Corey Hoffstein 51:39
I’ve had some fun over the last couple of months building out position based replication strategies of my own in the Managed futures space trying to estimate if markets move in a certain direction, how managed futures managers flows will change. And then I have been using the hosted holdings of your ETF to track live on average how I think the sock Jen, on average index positions did change over that period. And one of the very frustrating aspects of that exercise is, when you have an ETF like yours, you have this big chunk of a Cayman entity. And this I think, is totally out of Queensland at this point. But this is more maybe just fun structure education, I get people asking me about what these Cayman entities are, why are they in managed futures funds, I was hoping maybe you could just explain that for the record. So I’m
Andrew Beer 52:34
gonna put in big flashing red lights. I know this is a podcast, but I’m not a tax advisor, and not a tax lawyer etc. But basically ETFs can invest directly in commodities. Legally, the problem is that the tax characteristics of commodity futures contracts are different than the tax characteristics of, say, a Treasury 10 year Treasury futures contract.

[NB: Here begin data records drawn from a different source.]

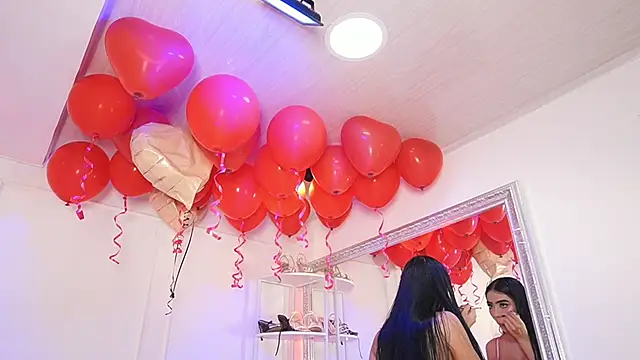 Snapshot of elasummer chatting on 02-20-26, 02:06 elasummer online show from 02-20-26, 02:06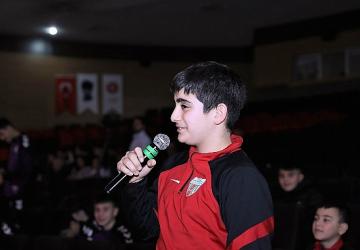 Keçiören'de Genç Sporcular İçin “Sağlıklı Zihin, Güçlü Beden" Sempozyumu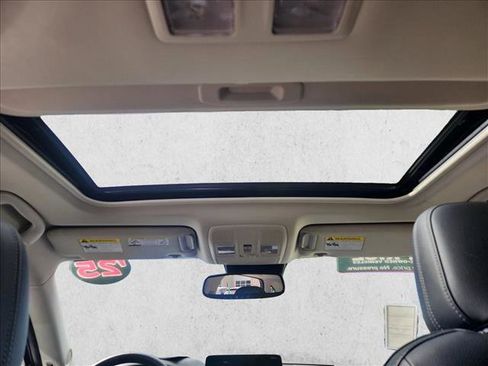 Used 2025 MAZDA CX-5 AWD 2.5 S w/ Preferred Package image 17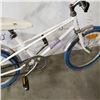 Image 2 : WHITE MISTY BIKE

And most of the time, it probably doesn’t matter. But if you’re ever on the wrong side of it, it destroys the whole structure, basically. So nobody ever wants to take that risk. So instead, what you do is you take some of the money that’s sitting on the balance sheet, you basically create a new company offshore, a Cayman fund, that is 100%, owned by the ETF and you put some money down into it. And so for, in our case, golden oil are traded down in the Cayman sub. One of the things that’s slightly irritating about it is that the gains that are made in those contracts when they come back up into the ETF come back at a disadvantageous tax rate. So the trade off would be you can do it without investing in commodities. And you wouldn’t have to have the Cayman sub. But I think we and other people think that it’s worth the trade off, even though it’s a little bit more operationally complex. The last
Corey Hoffstein 53:53
question I’m asking everyone this season is to reflect back on their career and think about what was the luckiest break over your career?
Andrew Beer 54:03
Oh, that’s a good question. I guess I would say, probably getting interviewed by Seth Klarman, learning about the hedge fund industry. It was an area that I knew nothing about. I think even when I left bow post, I still didn’t really understand the industry. But I love what I do. It sent me down this path of working with incredibly smart people, always having new things to focus on every year, and having new opportunities. And I’ve been very lucky having my own firms for much of the past 25 years. And it’s given me an enormous flexibility in terms of where I work and how I work. And I don’t think I would have had that if I had gone into a more traditional area like private equity.
Corey Hoffstein 54:44
Well, Andrew, this has really been phenomenal. Thank you for joining me.